RJ – Do you think this case in particular, and obviously, this is one of the bigger ones that we’ve ever seen? So how do you think this case will play into the future of regulating and how we’re, you know, we’re diving into a new year 2021? What do you think the impact of that case will be coming up this year?

HC – Well, I think basically, you know, I noticed on my Compliance AI dashboard, some time ago, I picked up the annual report, you know, then the 2020, Division of Enforcement CFTC annual report. And they they detailed all of their activity over the year. And they also basically gave a little forward comment about the things that they were looking at, and two of them were continuing the emphasis on spoofing and manipulation, and the other one was independent responsibility, meaning that they would go after the individuals. Now this is another area where they have to get at where I feel that they need to improve in in terms of going after the individuals. They have to go up to the line. In in most all of these spoofing cases, they’ve gone after the the traders on the desk. And basically, they haven’t gone up to, you know, the the more senior levels with respect to potential culpability. But anyway, those are the two items they were looking to go forward. I would say it’s probably judging from their annual report, it’s probably going to be looked a lot like last year, there’s going to be still a large emphasis on spoofing and manipulation for market integrity and they’re basically going to be looking at supervision, which is another point that the compliance people have to think about. They’ve got to basically get on to their supervision and make sure that they implement what they put into place and the rules and regulations and controls, but that’s the direction they’re going in. Lastly, I think that what they might consider is I think that they should push some of the responsibility on to the exchanges. You know, the the regulators are just, they’re basically underfunded to the extreme. And as they’re under funding, the markets are expanding greatly. And the exchanges have a lot of expertise. Their systems are excellent. And they have a lot of resources, and they have the primary responsibility for oversight of their members, and all of these major players are members. So one of the things that I think might be beneficial and enhance market integrity would be to have the exchanges take the lead on some of these manipulation cases and have them deal with the issue of putting restrictions on their members trading. That might be a deterrent.

RJ – That’s interesting. Yeah, that’s that’s a good insight. Thank you so much. Just kind of breakdown of this case. And I know there’s so much more that can be said. But we really appreciate your time and your expert advice and insights here. I hope everyone can take away. We’ll have some show notes. But thank you so much Hugh Cadden for joining us.
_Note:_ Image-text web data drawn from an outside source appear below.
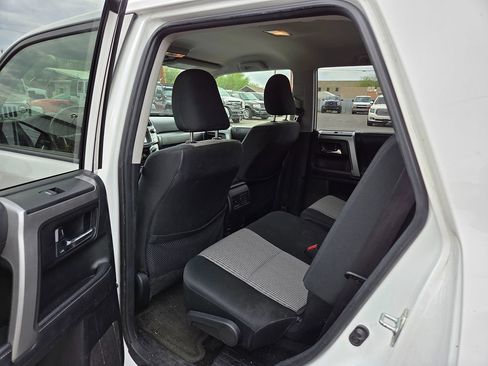 Used 2018 Toyota 4Runner SR5 AWD/4WD image 9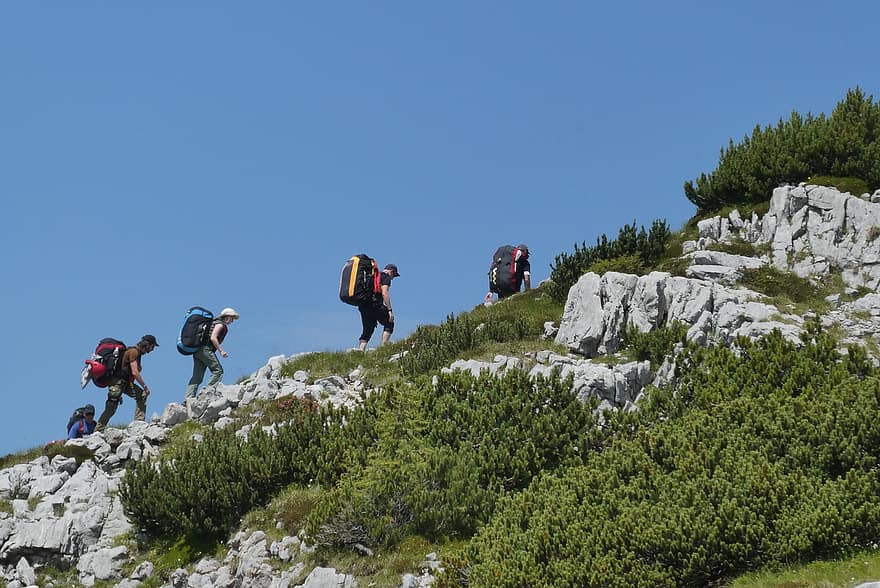 Federação de Entidades Excursionistas da Catalunha pede regular o acesso às montanhas para evitar aglomerações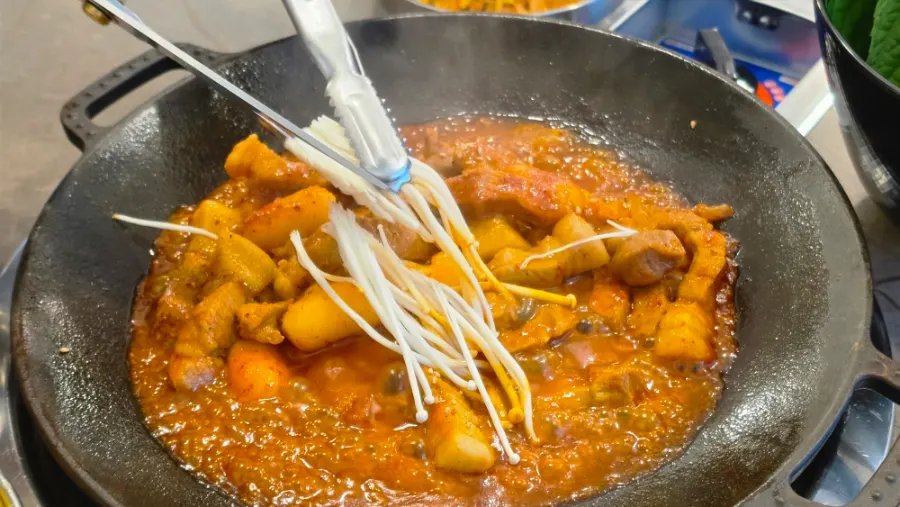 Duruchigi being cut with scissors while cooking
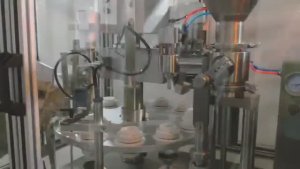 AU-R-200P Автоматическая машина для наполнения и запайки пластиковых туб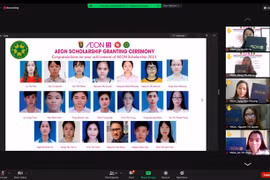Vietnamese students receive AEON Scholarships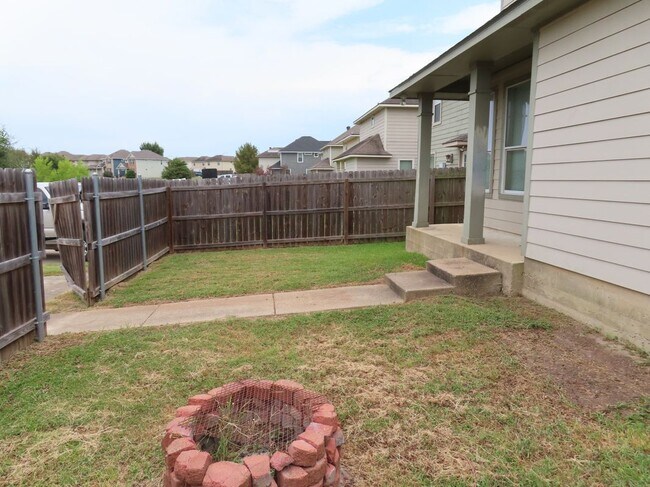 Building Photo - 4107 McFarland Dr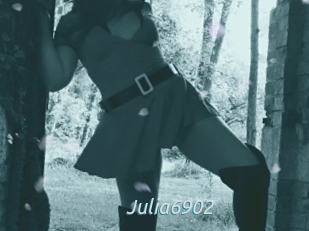 Julia6902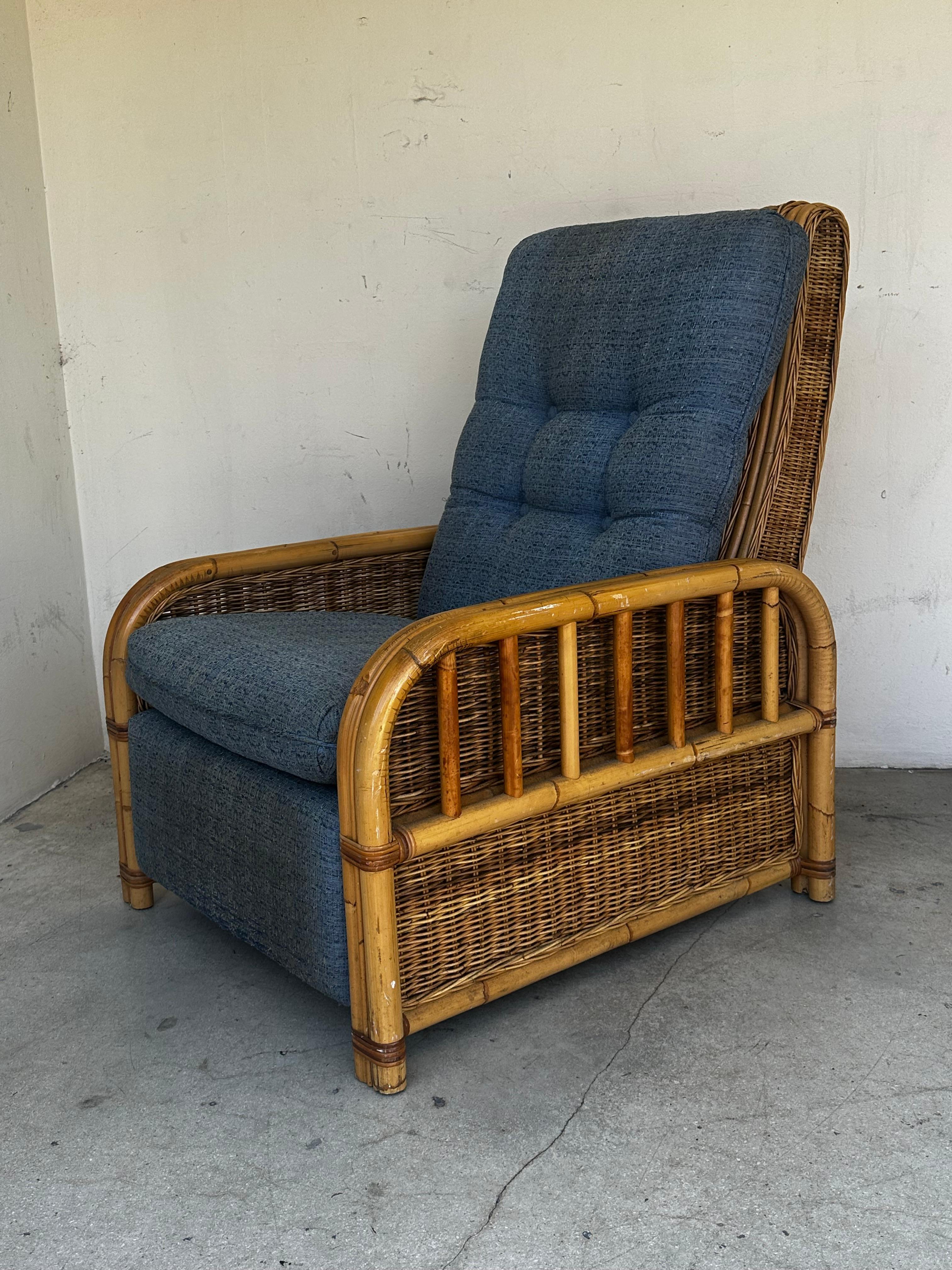 Sillón reclinable de ratán azul denim de los años 60 mediados del siglo XX en venta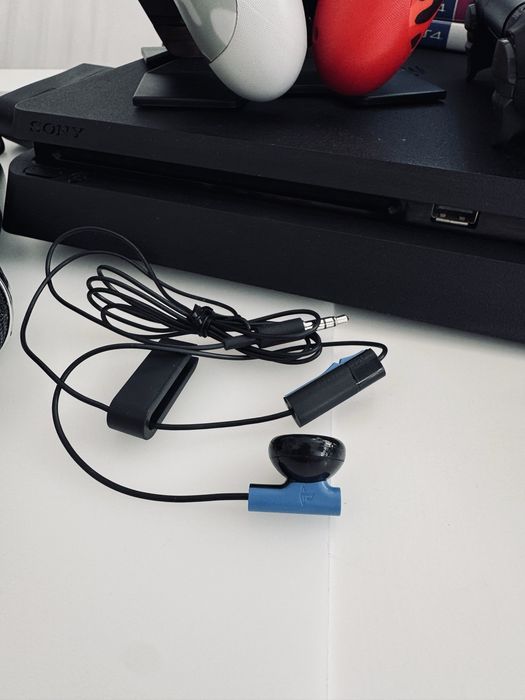 Playstation 4 zestaw jak nowy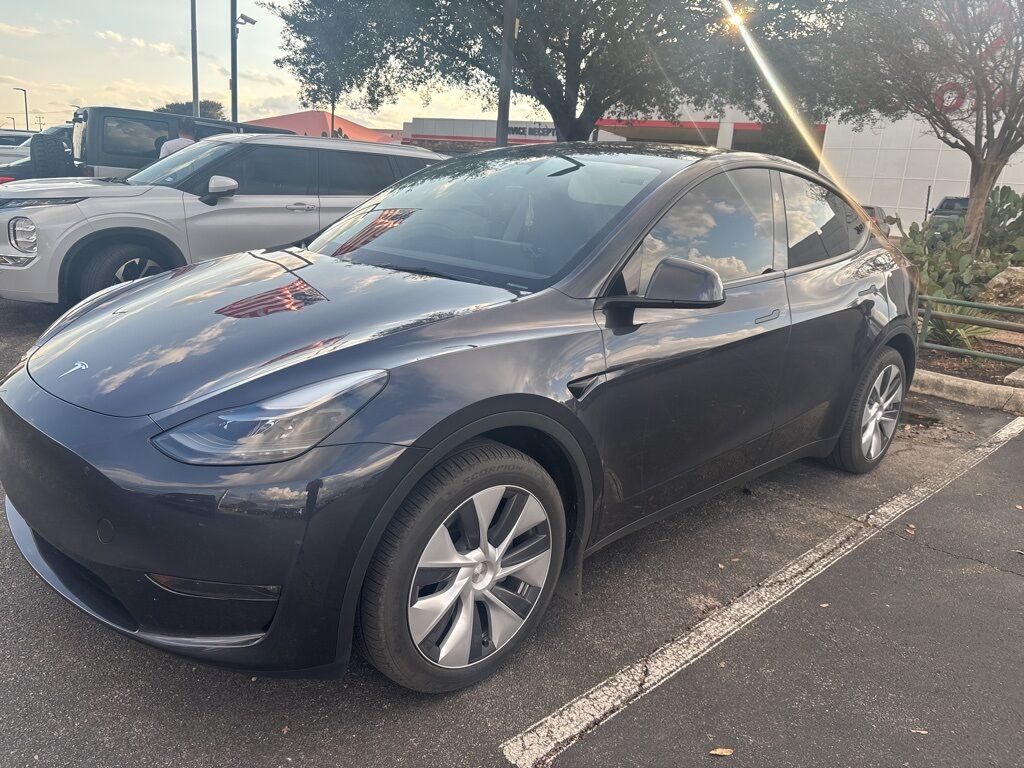 2024 Tesla Model Y Long Range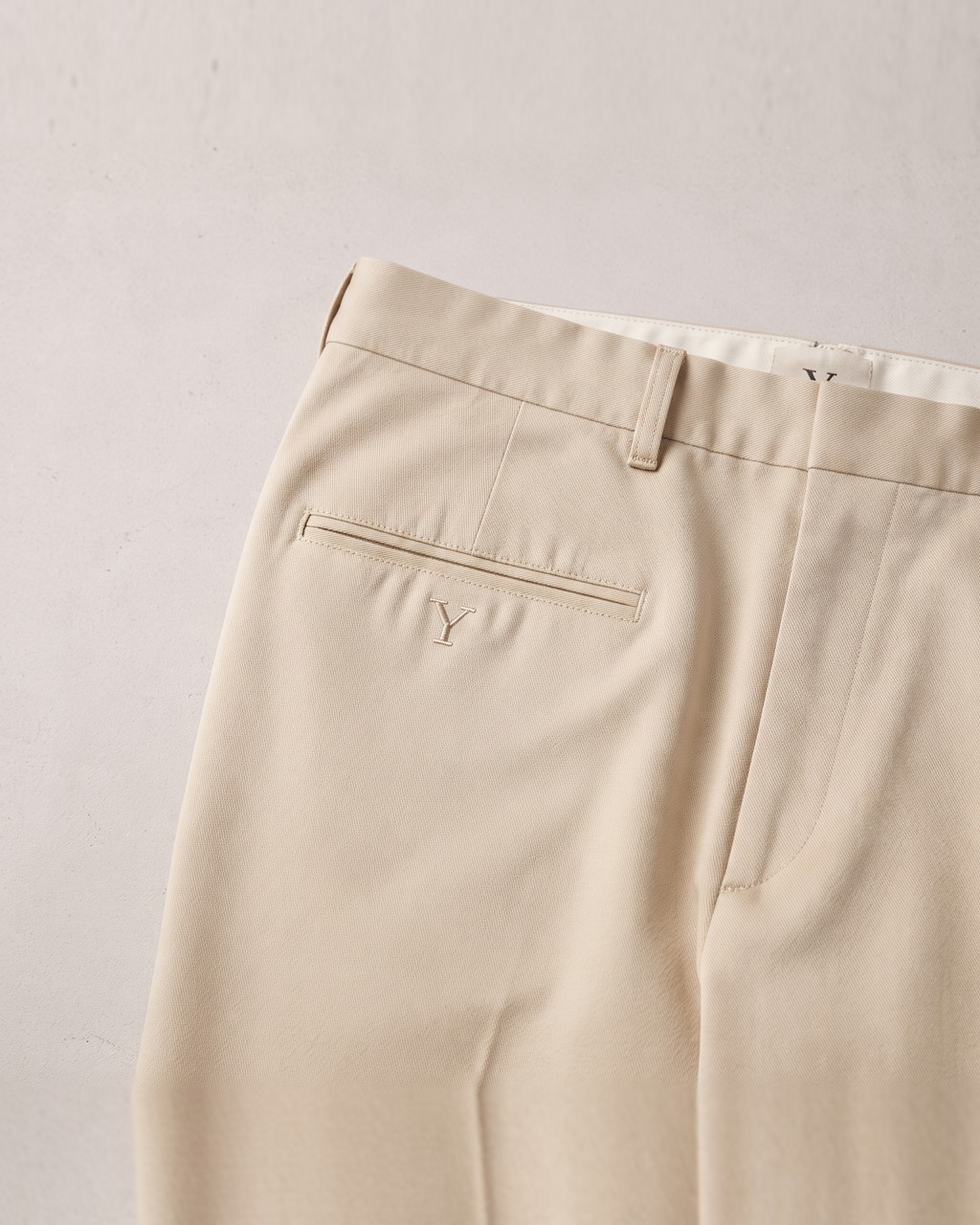 Pleated Cotton Trouser in Oat, fabric detail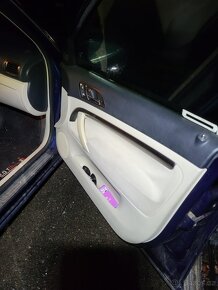 Prodám všechny díly z tohoto vozu škoda superb 1 - 11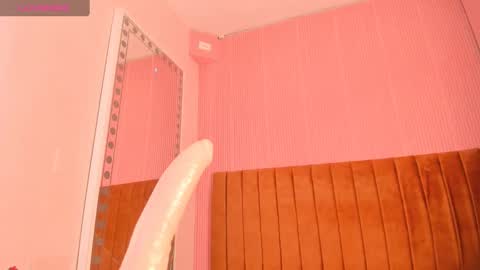 Sara Castillo online show from March 12, 2025, 10:26 am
And have a great day and stay safe.

HC – Okay, thank you.

Hugh Cadden is an advisor to Compliance.ai and a senior consultant with Onpoint Analytics

Key Takeaways/Things to consider:

  • As regulators approach settlements, think about deterrence.
  • Regulators should consider trading prohibitions (which may lead to more tried cases) when possible to improve deterrence.
  • Regulators should focus on the review process and their auditing to catch violations in a shorter period of time.
  • Should some of the regulation responsibility be pushed onto the exchanges themselves?